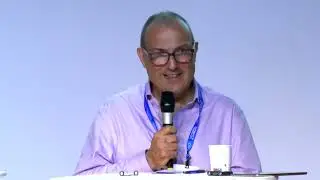 France Forum 2025: Conquering the air (waves) - Private 5G from land to sea to sky
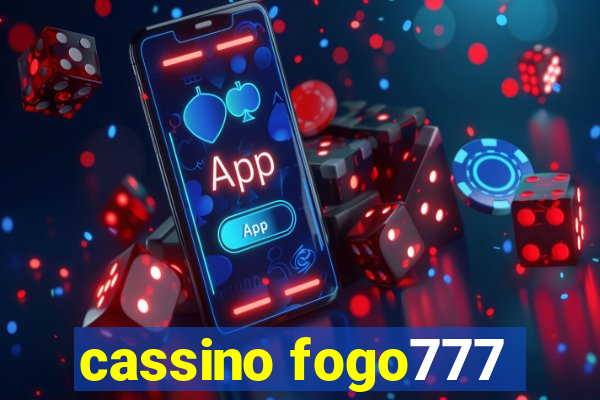 cassino fogo777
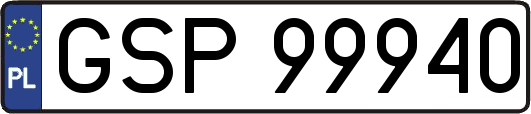 GSP99940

TRY IT: With the images excluded, reproduce the data above precisely as written.

EXERCISE RESPONSE:
 France Forum 2025: Conquering the air (waves) - Private 5G from land to sea to sky
 cassino fogo777
 GSP99940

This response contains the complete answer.